Je n’avais pas eu l’occasion d’assister aux premières représentations de cette production qui venaient en juin 2004 conclure l’ère Gall ; la mise en scène de Robert Carsen avait alors été très bien accueillie par le public comme la critique. La découvrant pour la première fois cet après-midi, je ne peux cacher une certaine déception. L’idée magistrale d’une Madeleine disparaissant sur le plateau nu de la scène de Garnier grande ouverte ne masque pas à elle seule une littéralité de bon aloi assez pauvre en imagination deux heures durant. Placer les protagonistes dans un décor de coulisses est en soi une idée intéressante, notamment dans la perspective de la conclusion déjà révélée, mais encore faudrait-il que la métaphore soit a minima exploitée. On s’agite en scène sans que les sentiments ou émotions des différents personnages ne se retrouvent particulièrement mis en valeur par ces gestes convenus. Robert Carsen semble avoir lui-même douté de sa capacité à tirer de ses coulisses métaphoriques la matière suffisante à alimenter son propos : il a ainsi cru nécessaire de rajouter à sa mise en scène une vague transposition parfaitement stérile, costume nazi de figurant inclus. Dommage de voir cet homme encore et encore tomber dans son usuel travers de l’inutile gadget comme seul viatique.

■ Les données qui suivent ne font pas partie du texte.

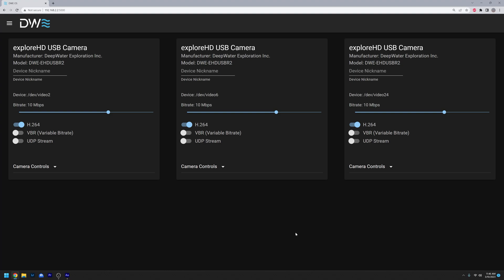Now here you have a lot of different options. The first of which is you can set a device nickname. Now for three cameras, it's not as important, but if you have more than three cameras, the whole system can support up to seven cameras. Having multiple cameras, you want to make sure that you provide the right nickname. So you can do things like this is the front view of your vehicle, this is the back, and this is the side view. And it will automatically save that, so whenever you restart your system, it will automatically show up.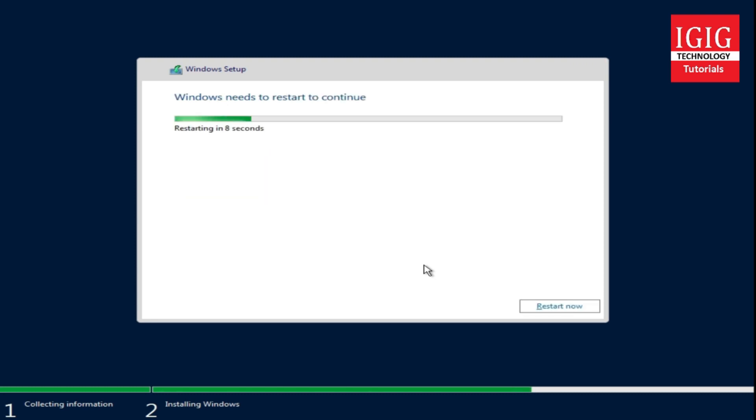After all necessary file copying, the server is now restarting. Here we will not press any key.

Tout du moins cette banalité scénique n’aura pas dérangé un plateau de chanteurs tous plutôt crédibles en scènes et acteurs honorables. Pour ce qui est de la musique, on déchante par contre significativement. Charles Workman, Flamand, et Tassis Christoyannis, Olivier, forment un couple de prétendants tout à fait honorable quoique fort terne et prosaïque dans l’ensemble, alors que le Comte d’Olaf Bär se révèle finalement décevant, sans verve ni ardeur, et vocalement même sensiblement incolore. Jan-Hendrik Rootering est désormais par trop privé de voix pour seulement faire tenter d’exister son La Roche : aussi bien le parole que la musica  échappent à cet artiste usé jusqu’à la corde, sans aigu, couleur ni étoffe, et pourtant le plus applaudi par le public au moment des saluts. Doris Soffel est quant à elle une artiste estimable et plutôt fine diseuse, mais il n’en demeure pas moins perturbant d’entendre une Clairon qui chante avec la voix de Klytemnästra. La Comtesse de Solveig Kringelborn assure finalement à elle seule les quelques moments de satisfaction vocale de cette matinée. La voix est légère et lumineuse, le chant non sans finesse et émotion, plus à l’aise dans la conversation en musique que lors des longues phrases musicales de la scène finale. On chercherait néanmoins en vain la trace de la moindre magie lyrique émanant de cette Madeleine. Si le duo de chanteurs italiens est sans saveur ni beauté, le Taupe de Robert Tear affirme une gouaille délectable et tout le charisme si cruellement absent dans le reste de la distribution.

Dans la fosse, Hartmut Haenchen assurerait à lui seul l’intérêt musical de cette reprise. Sa lecture respire la finesse et la clarté, déployant l’orchestration straussienne avec une réelle fluidité et une admirable légèreté de touche. La richesse musicale et littéraire de l’œuvre fait le reste et fascine toujours autant malgré les limitations de la production et du plateau.